Today’s Zenit posting had an article titled: Nuns Invited to Help Poor by Drinking Tea. Interesting idea, I thought. Help the poor by drinking tea. (I like coffee more.) Sounds easy and given the recent economic problems we’re facing in the USA –and scanning the news services shows problems with the economy are global– I wonder what we are doing about the poor of this country. Granted the poor in the developing world are far poorer and have much less access to resources to fulfill human basic needs than our poor brothers and sisters in the USA. Nonetheless, I think we all need to figure out an adequate plan on how to assist the poor in our own cities and abroad. The Beatitudes quickly come to mind as does the parable of the widow’s mite, and the rich young man. I’d be negligent if I didn’t say the spiritual and corporal works of mercy.
A variety of religious congregations of sisters are leading the charge by making this invitation as concrete as possible by encouraging others to buy tea and coffee sold by Fairtrade workers. Of course, the Franciscans are behind this good work! The Zenit article says: “Springing from a financial vision and a commitment based on the values of the Gospel,” the organizers explained, “new economic relations can arise, challenging men and women religious to make their choices as consumers, beginning with a critical conscience, with bases in the political, economic and social reality.” My challenge: let’s not let the vowed religious do this act of mercy alone.
Are good deeds only left to nuns and priests? I hope not. The Good News of our Lord and Savior Jesus Christ is for all people and therefore we have to let the words announcing our salvation to cut closely to our human experience. Would it be possible for us, on this side of the ocean, to purchase food products from Fairtrade? Yes, because Fairtrade also operates here in the USA. See the links below. Those unfamilar with the work of Fairtrade should know that it is an organization that represents more than 4,000 groups of workers worldwide.
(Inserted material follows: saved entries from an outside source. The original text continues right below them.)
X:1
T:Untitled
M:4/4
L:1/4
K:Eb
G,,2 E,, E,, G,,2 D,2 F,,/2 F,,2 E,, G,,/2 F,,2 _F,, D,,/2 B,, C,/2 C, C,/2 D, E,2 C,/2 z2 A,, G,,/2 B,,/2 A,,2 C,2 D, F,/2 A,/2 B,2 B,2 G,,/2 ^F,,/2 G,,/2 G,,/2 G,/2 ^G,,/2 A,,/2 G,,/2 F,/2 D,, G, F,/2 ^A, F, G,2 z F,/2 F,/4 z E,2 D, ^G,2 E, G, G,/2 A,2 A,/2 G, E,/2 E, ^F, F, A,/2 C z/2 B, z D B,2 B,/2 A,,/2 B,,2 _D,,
In early January, the Pope called on Governments to assist the poor: “We need to give new hope to the poor,” he said. “How can we not think of so many individuals and families hard pressed by the difficulties and uncertainties which the current financial and economic crisis has provoked on a global scale? How can we not mention the food crisis and global warming, which make it even more difficult for those living in some of the poorest parts of the planet to have access to nutrition and water?” (Address to Diplomatic Corps, 8 January 2009). Pope Benedict, quoting the First Letter of Saint John, offers us a challenge in this year’s Lenten message: “If anyone has the world’s goods and sees his brother in need, yet shuts up his bowels of compassion from him — how does the love of God abide in him?” (1 John 3:17).